Source data
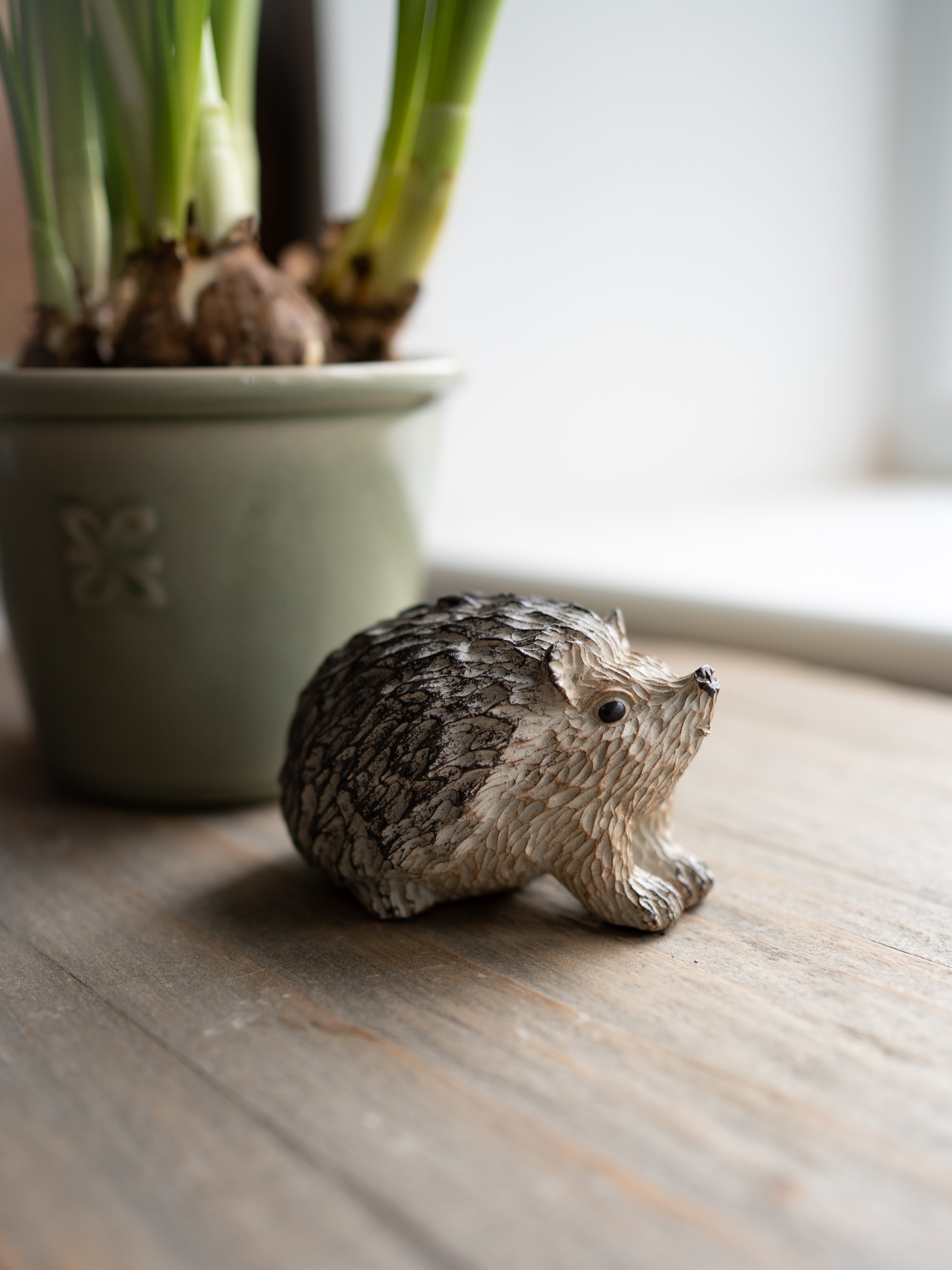 Small hedgehog figurine on a wooden surface with a potted plant in the background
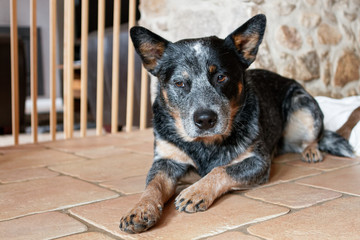 A pretty Australian cattle dog lying on the floor.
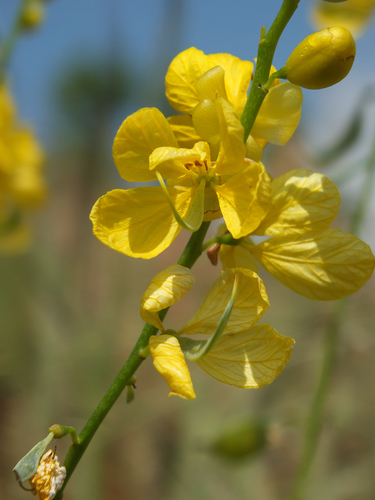 Alexandrian senna (Senna alexandrina)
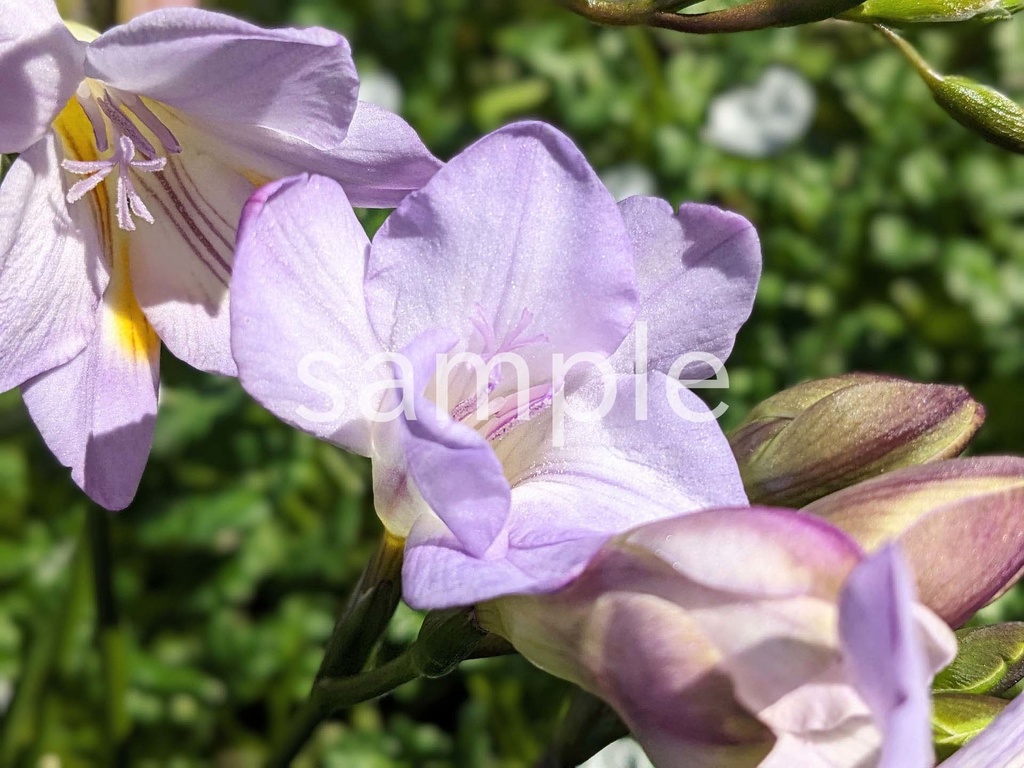 写真素材『紫のフリージア』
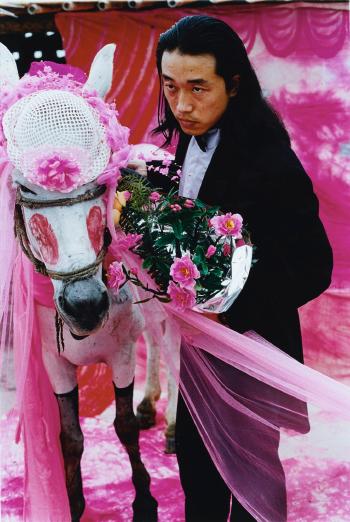 To Marry a Mule by 
																	 Wang Jin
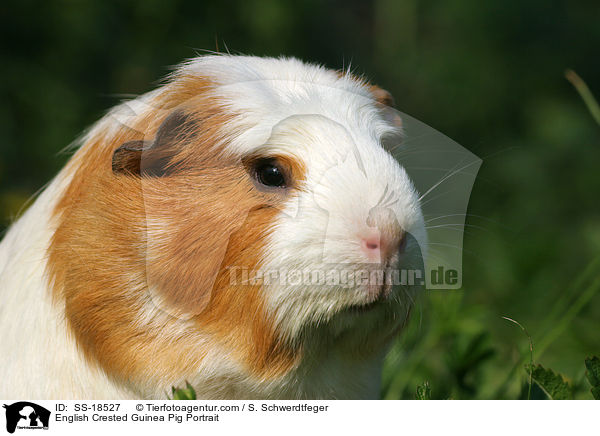 English Crested Guinea Pig Portrait / SS-18527
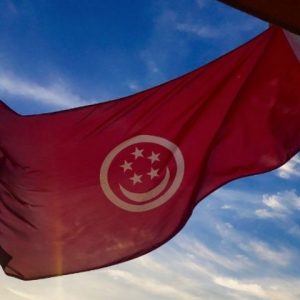 Singapore Registry of Ships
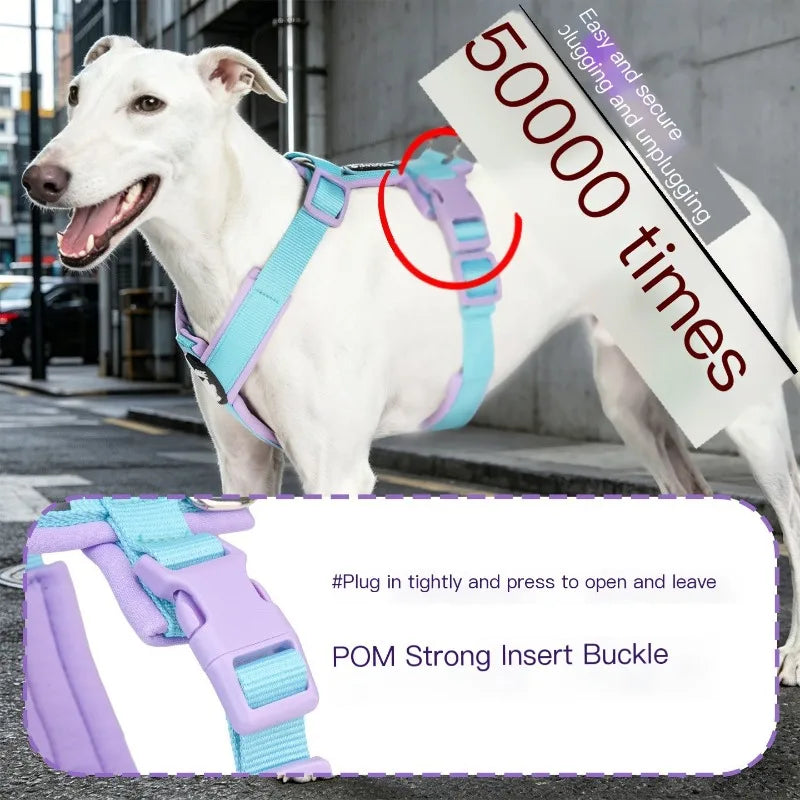 A white dog wearing a purple harness is shown outdoors, with a close-up of the POM Strong Insert Buckle.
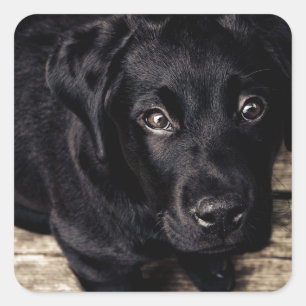 Black Labrador Retriever Puppy på Wood Fyrkantigt Klistermärke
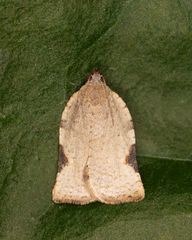 Meritastis ursina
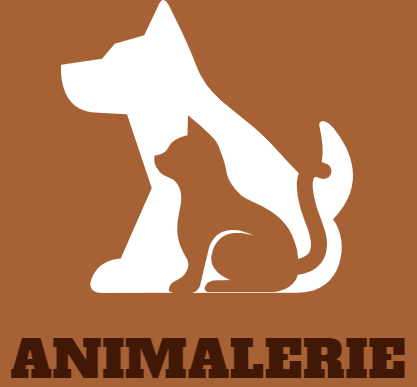 alimentation chats boutique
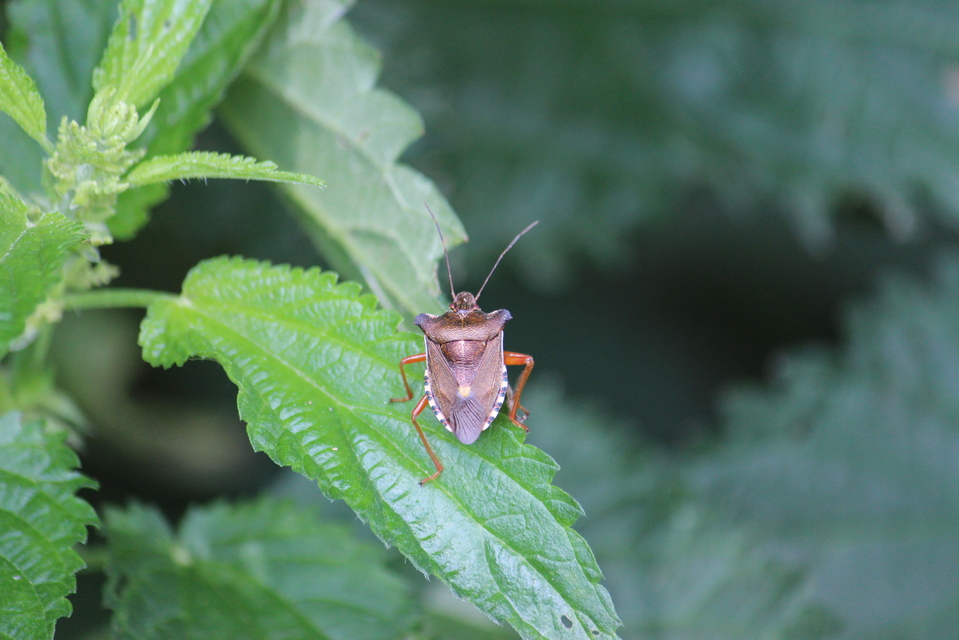 Pentatoma rufipes - vöröslábú címerespoloska Pentatoma rufipes - vöröslábú címerespoloska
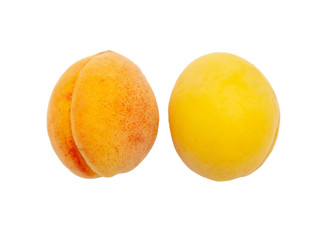 Ripe apricot isolated on a white background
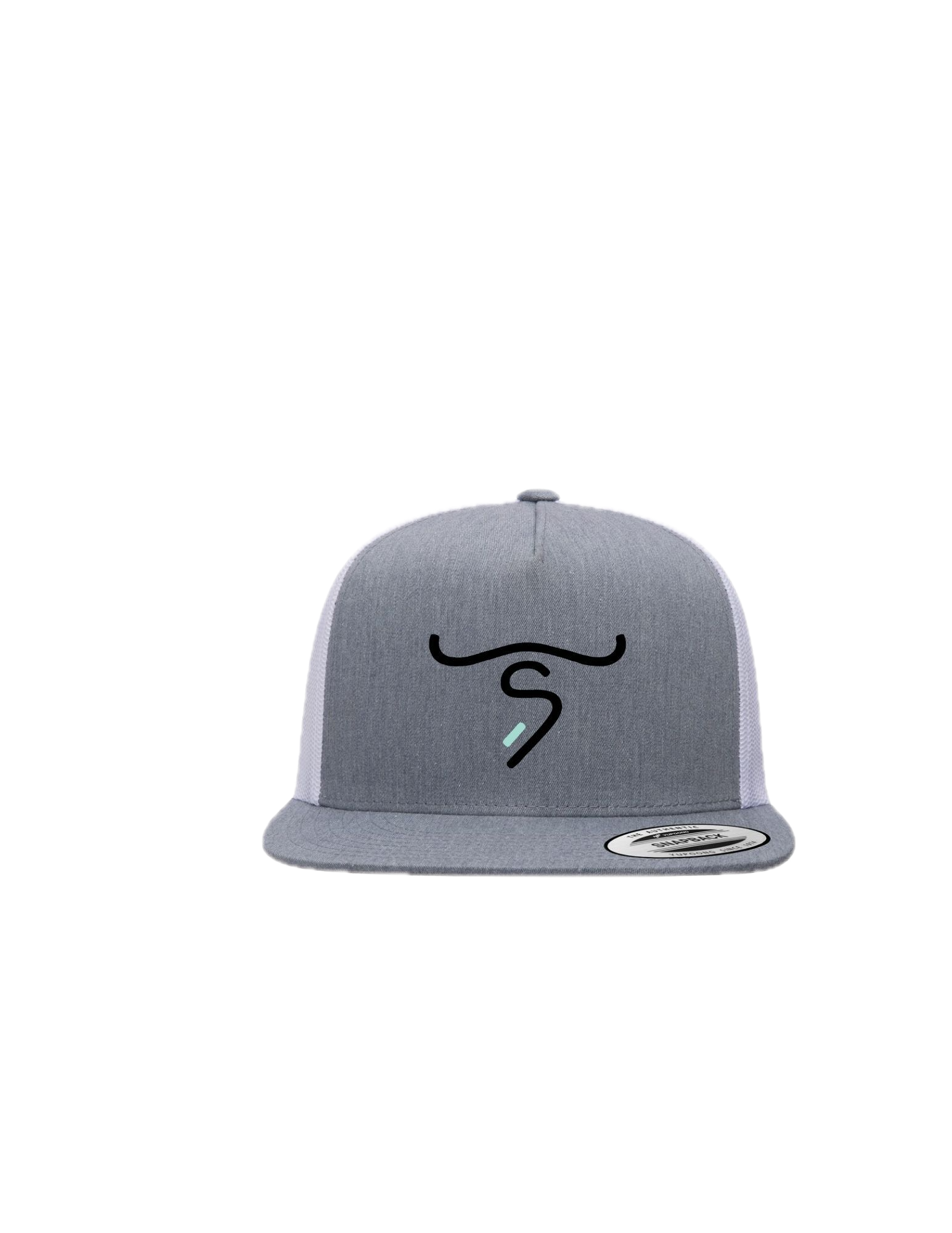 TS Brand Gray Hat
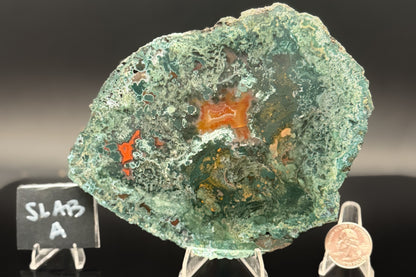 Turkish Limbcast with Agatized Chrysocolla (Unpolished)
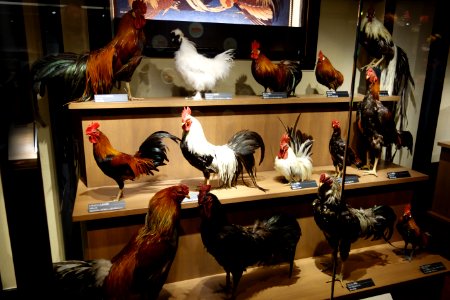 Roosters - National Museum of Nature and Science, Tokyo - DSC07125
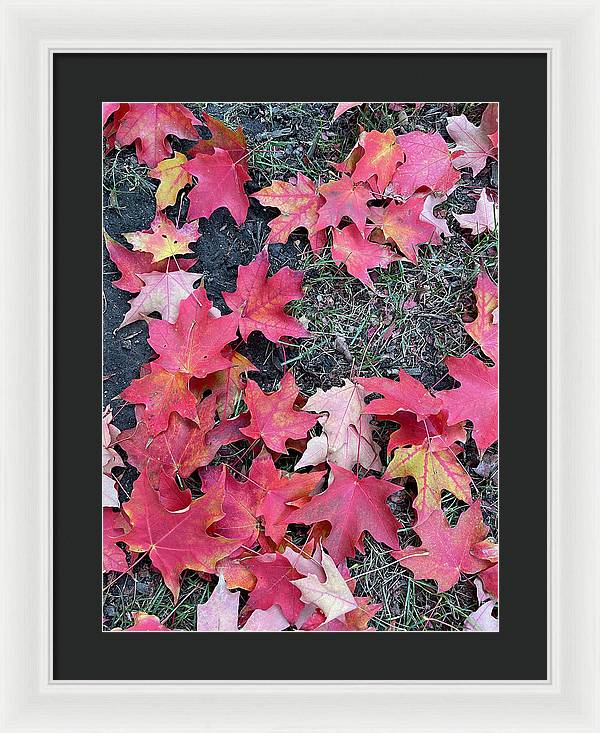 Maple Leaves In October 4 - Framed Print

— REQUIREMENT —
Each line from the one containing "Ripe apricot isolated on a white background" through the last line of the entries above should be duplicated exactly, both included; leave out pictures and add nothing.

— EXPECTED OUTPUT —
 Ripe apricot isolated on a white background
 TS Brand Gray Hat
 Turkish Limbcast with Agatized Chrysocolla (Unpolished)
 Roosters - National Museum of Nature and Science, Tokyo - DSC07125
 Maple Leaves In October 4 - Framed Print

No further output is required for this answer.